SAGA #20 — Pretty compelling business. Our creators hit their marks of a shocking/titillating opening page and a crushing downbeat ending just like they like to do. I’m hoping for a curveball with the whole Marko/Ginny affair deal that BKV is teeing up, surely there’s going to be more to it than that. The highlight of the issue has to be Fiona Staples’ two-page spread of Alana blasting off on Fadeaway. What a long strange trip it is certain to be! Maybe next month’s opening page, even.

FANTASTIC FOUR #6 — It all keeps going wrong for our intrepid quartet. Sue freaks out against the Avengers (I guess that gets further developed in some other tie-in? It seems a bit odd to cut away from here. It’s not like it’s going to be happening over in Hickman’s books), and then we catch up with Uatu getting murdered, with the secret memory returning to The Thing turning out to be something to do with a failed attempt that Reed made back in the day to cure bashful Benjy of his ever-lovin’ rocky hide. It’s kind of an awkward deal, plot-wise, because Ben claims that it’s not his memory even though he’s right there in the middle of the story. I guess he loses his memory later? Nothing that happens this issue gives any indication of why Ben is now so pissed at Johnny, but I guess all will be made clear next issue. Kirk/Kesel/Aburtov continue to tear it up on the main feature with Dean Haspiel returning to the title alongside Nolan Woodard to provide just the right amount of dynamic krackle to the flashback sequence. Solid material!

UNCANNY AVENGERS #021 — There is all kinds of greatness in this issue as the team finally makes it back in time to undo their fuckup of planet-shattering proportions a few months back.
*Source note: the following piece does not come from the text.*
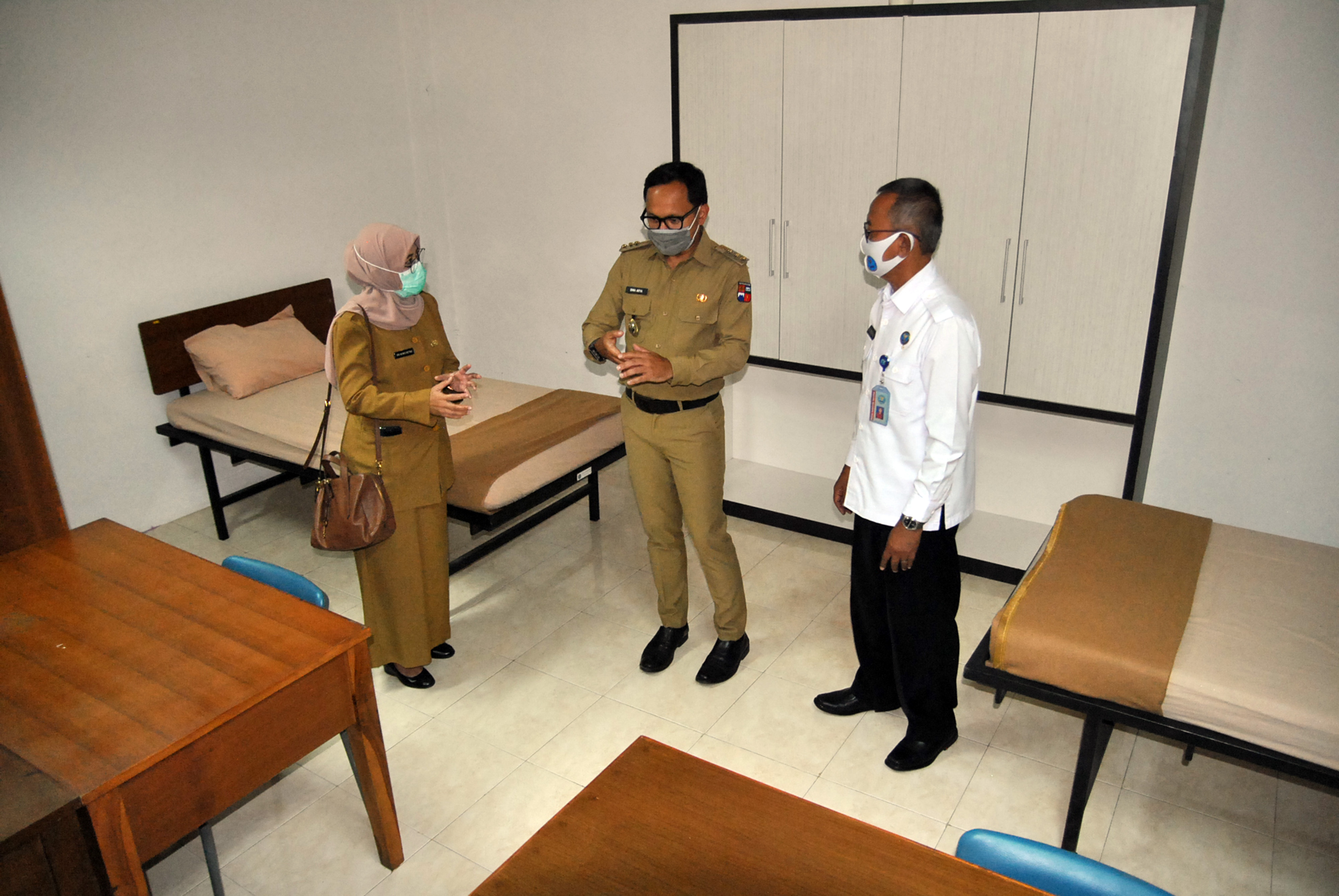 Wali Kota Bogor Bima Arya (tengah) berbincang dengan Kepala PPSDM BNN Shindu Setiatmoko membahas ruang isolasi untuk OTG.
Every page is a delight, from Tony and Doom talking shit at one another to Rogue reconciling with Wanda before soaking up everybody’s powers in a sea of Kirby krackle. The only bumps in the road come from some tics on her dialogue. Remender bungles the apostrophe on y’all twice, which drives me insane, but then doubles down with the confusing line, “Give me your sugar, Sugah.” Now of course, deliberately misspelling words to reflect the dialect or accent of their speaker is a tradition as old as Claremont himself, but I don’t think it’s supposed to be an affectation for the character, right? Rogue isn’t going around deliberately choosing to Southern up the word as “sugah.” That’s just how she talks, how she pronounces it every time. So, the last thing we should ever ever read is her saying “sugar.” The line, which I like, should read, “Give me your sugah, sugah.” Right? That’s probably a bit of overconsideration, but Claremont accent-misspelling is an old fascination of mine. The story itself clips along to tremendous effect, Acuña continues to knock the lights out with the able assistance of White. If the twist ending didn’t happen, I think we’d all be disappointed, but I certainly cannot wait to see how Remender is going to bring all of this crashing down.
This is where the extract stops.